His Instagram page featured a constant stream of Bob partying around the world on yachts, flying helicopters and chilling out in massive hotel suites. But when I checked his Facebook page, I noticed something odd: Bob had used exactly the same pictures for both, probably because Facebook stripped out the EXIF data, making his location impossible to verify.

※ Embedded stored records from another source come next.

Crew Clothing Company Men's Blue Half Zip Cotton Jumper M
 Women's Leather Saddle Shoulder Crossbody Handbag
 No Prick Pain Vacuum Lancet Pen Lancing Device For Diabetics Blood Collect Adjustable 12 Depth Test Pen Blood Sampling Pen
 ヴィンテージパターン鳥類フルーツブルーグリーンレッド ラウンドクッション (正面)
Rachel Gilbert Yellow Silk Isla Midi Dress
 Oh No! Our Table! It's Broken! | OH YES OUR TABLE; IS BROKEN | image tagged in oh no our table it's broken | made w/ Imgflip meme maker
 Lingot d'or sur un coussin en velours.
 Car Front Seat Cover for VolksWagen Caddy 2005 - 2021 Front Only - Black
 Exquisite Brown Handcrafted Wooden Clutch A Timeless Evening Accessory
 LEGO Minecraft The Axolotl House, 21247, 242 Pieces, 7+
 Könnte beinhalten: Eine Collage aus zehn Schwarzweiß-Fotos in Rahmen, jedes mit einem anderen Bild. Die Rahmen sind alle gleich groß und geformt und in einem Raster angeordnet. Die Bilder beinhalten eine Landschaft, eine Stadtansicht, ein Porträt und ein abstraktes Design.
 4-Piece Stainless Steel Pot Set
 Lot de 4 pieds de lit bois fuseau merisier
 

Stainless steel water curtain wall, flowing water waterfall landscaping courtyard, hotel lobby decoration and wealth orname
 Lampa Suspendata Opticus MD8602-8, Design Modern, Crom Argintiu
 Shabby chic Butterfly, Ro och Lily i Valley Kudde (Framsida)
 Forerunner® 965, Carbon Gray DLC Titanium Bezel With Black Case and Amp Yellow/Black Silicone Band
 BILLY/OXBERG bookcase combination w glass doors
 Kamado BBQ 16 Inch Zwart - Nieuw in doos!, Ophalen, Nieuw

Offline, the picture was scarier. Though Bob’s attempted to keep business and personal funds separate, he had three tax liens and an impending foreclosure on his personal property. Bob is a classic case of what I call ‘The Instagram Illusion’ : He spread disinformation to make everyone believe that he was a high roller, then convinced himself that the fraud was only temporary–until he could pay everyone back.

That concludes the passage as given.